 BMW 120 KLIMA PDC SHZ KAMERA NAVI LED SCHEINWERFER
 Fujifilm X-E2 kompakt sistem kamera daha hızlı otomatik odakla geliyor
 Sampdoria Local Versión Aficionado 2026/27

---

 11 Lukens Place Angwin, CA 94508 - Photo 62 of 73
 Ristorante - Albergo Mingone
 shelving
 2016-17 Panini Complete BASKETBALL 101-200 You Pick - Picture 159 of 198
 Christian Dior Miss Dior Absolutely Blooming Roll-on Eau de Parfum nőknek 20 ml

## What the exercise asks
Starting with the line that holds "11 Lukens Place" and ending with the line that holds "Christian Dior Miss", retype every line in the data above exactly, and nothing else.

## Result below
 11 Lukens Place Angwin, CA 94508 - Photo 62 of 73
 Ristorante - Albergo Mingone
 shelving
 2016-17 Panini Complete BASKETBALL 101-200 You Pick - Picture 159 of 198
 Christian Dior Miss Dior Absolutely Blooming Roll-on Eau de Parfum nőknek 20 ml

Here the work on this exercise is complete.